2) The python is pretty defenseless whilst it eats its prey. It cannot breathe, save for it’s windpipe, which pushes itself out of the reptiles mouth to allow for air to be brought in. Large companies, too, are quite vulnerable whilst in the midst of a takeover bid. Private Equity raiders, competitors and even new start-ups generate new activity to take advantage of the new opportunities that will be standard once the merger has gone ahead. For many companies, it can be hard to adjust to the new way of operating, but many of those people left outside the takeover are quite aware of what to expect from the market once it settles again after the ‘digestion.’ They move faster into a position to take advantage of the soon to be new surroundings.
3) The Liver of the python doubles in size to help digest the prey, as does the number of external helpers and number of Learning and Development people present in a company going through a merge. I’m a great fan of consulting, and think it has a very real place in our business landscape. But, be aware, just like the python expanding it’s liver and draining it’s body of energy consulting fees can leave a company bereft of excess funds used to actually make stuff happen once the merger has finished.

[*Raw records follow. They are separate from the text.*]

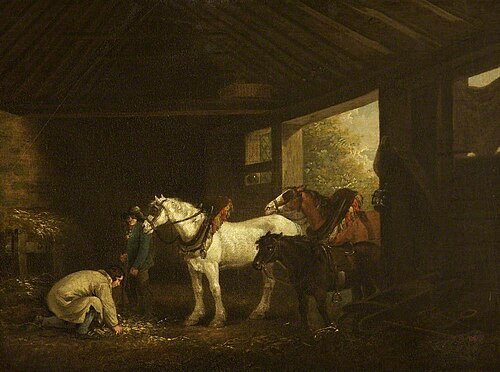 Horses and Farmhands in a Stable, 1849, 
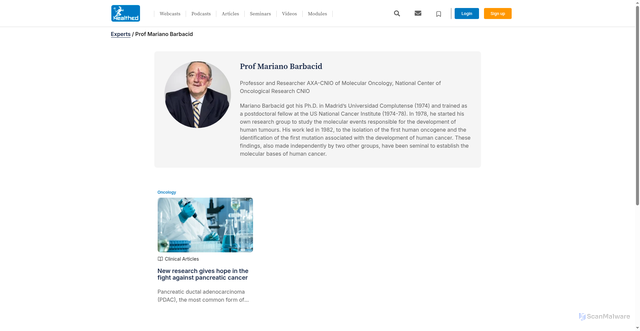 Security scan screenshot of https://www.healthed.com.au/meet-our-experts/prof-mariano-barbacid/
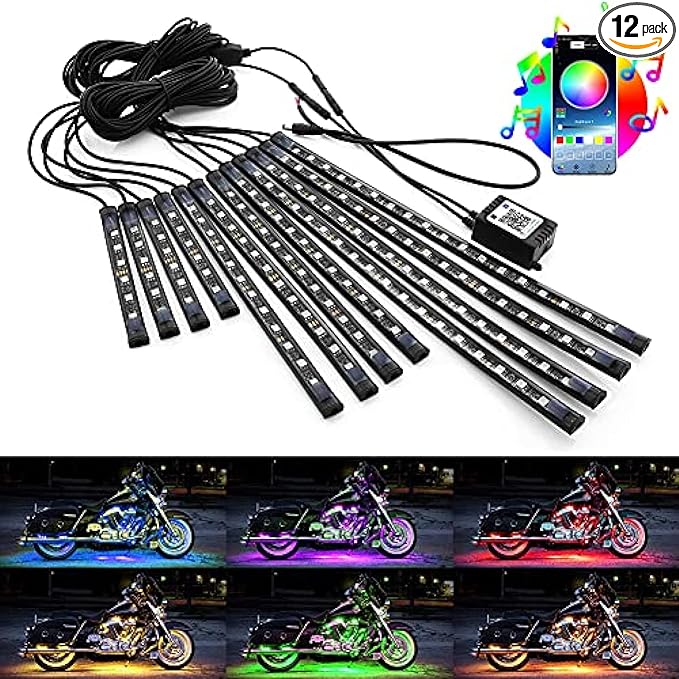 12pcs Motorcycle LED Underglow Kits,16 Million Colors A PP Control RGB Motorcycle LED Lights Sync to Music Waterproof DC12V.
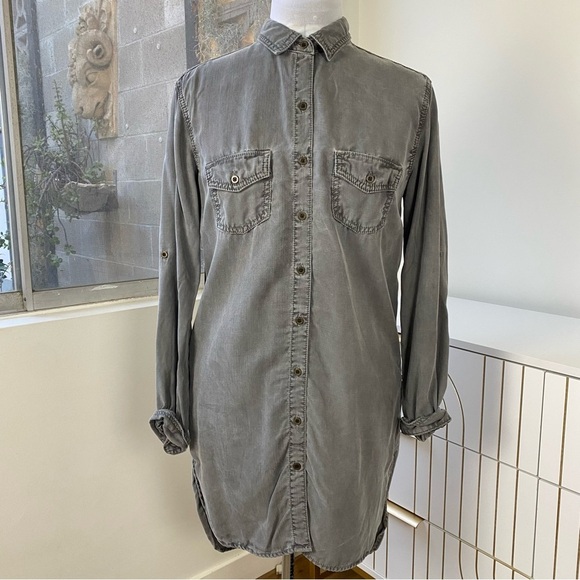 Sneak Peek Dresses & Skirts - Sneak Peek Utility Split Hem Long Sleeve Shirt Dress, Slate Grey, Size S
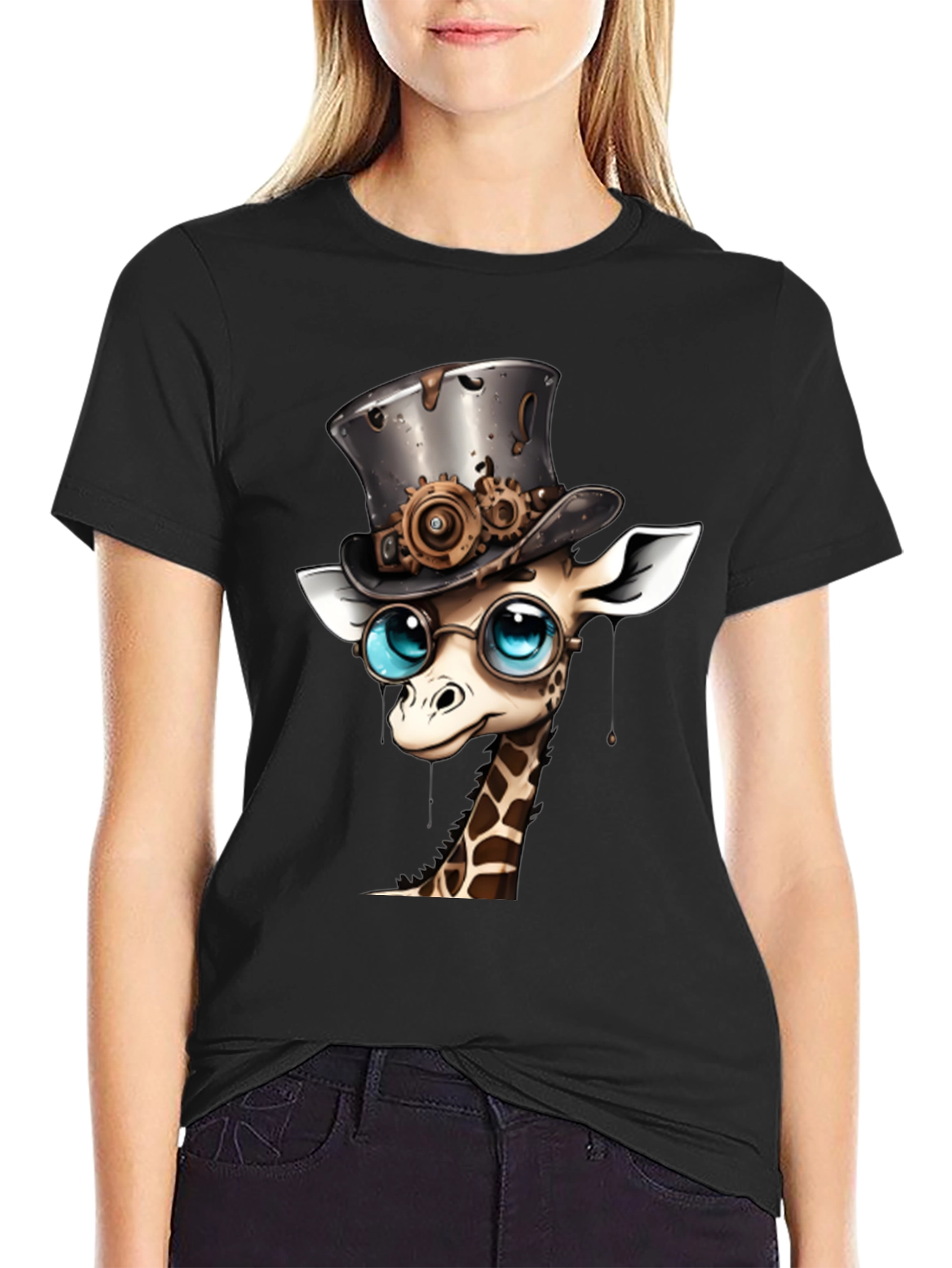 Black Steampunk Giraffe T-Shirt - Whimsical Animal Top view 2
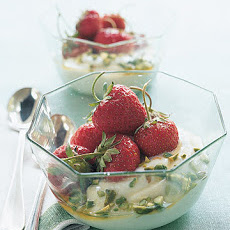 Strawberries with Yogurt and Pistachios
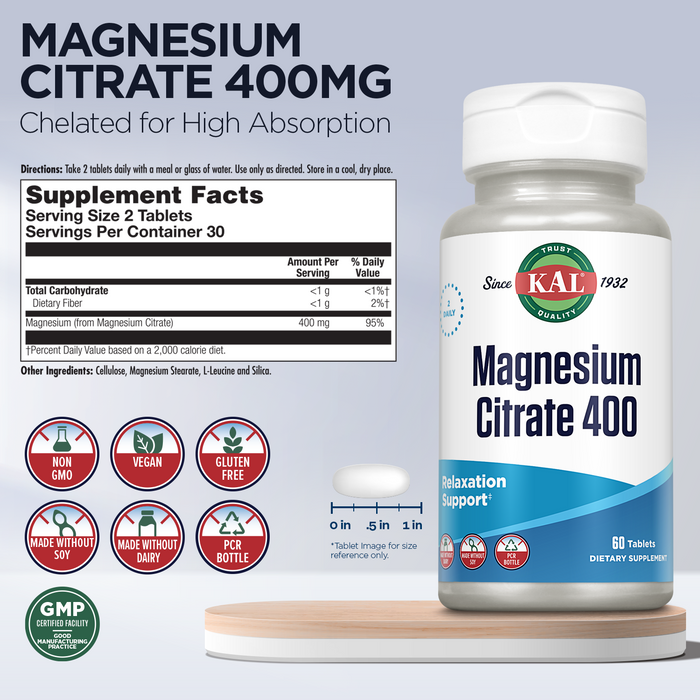 KAL Magnesium Citrate 400mg, Magnesium Supplement for Healthy Muscle Function, Relaxation, Nerve and Circulation Support, Rapid Disintegration ActivTabs, Vegan, Gluten Free, 30 Servings, 60 Tablets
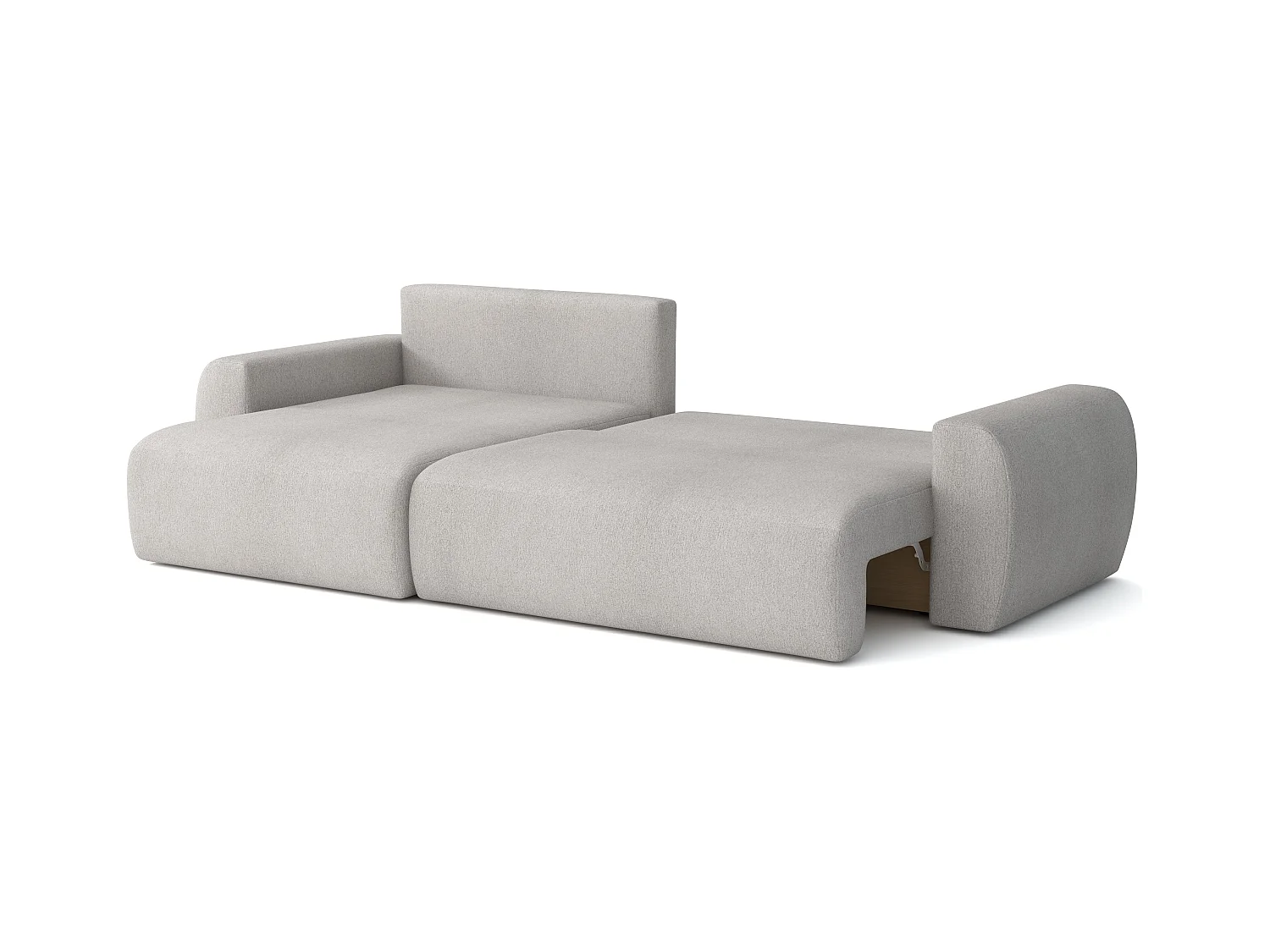 ARIEL L – Linker hoekbank met slaapfunctie  250x142x87 cm, stof Velo 48 bruin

Finally, there were many other similarities, but the thing that struck me most was that once the python digests the prey it may not have to eat again for months, or even a year. Many companies tend to work the same way. They feel hungry for growth, are tiring of the ‘business as usual’ paradigm that often sets in when a mission or strategy dwindles in allure. Once the ‘head,’ or the CEO office, decides that it is in fact hungry the business sets out to consume a new company for energy. Once sated, they sit for a long time after, maybe years, running down the people and energy that existed there during the ‘take-over’ years. Then, they saddle up again and go through the whole, draining process of swallowing another acquisition for yet more growth and energy. Some companies, such as Macquire Bank, seem to be forever hungry as they have teams of people specialised in digesting large takeovers and mergers.
Is this the way we should function as an economy, business and society?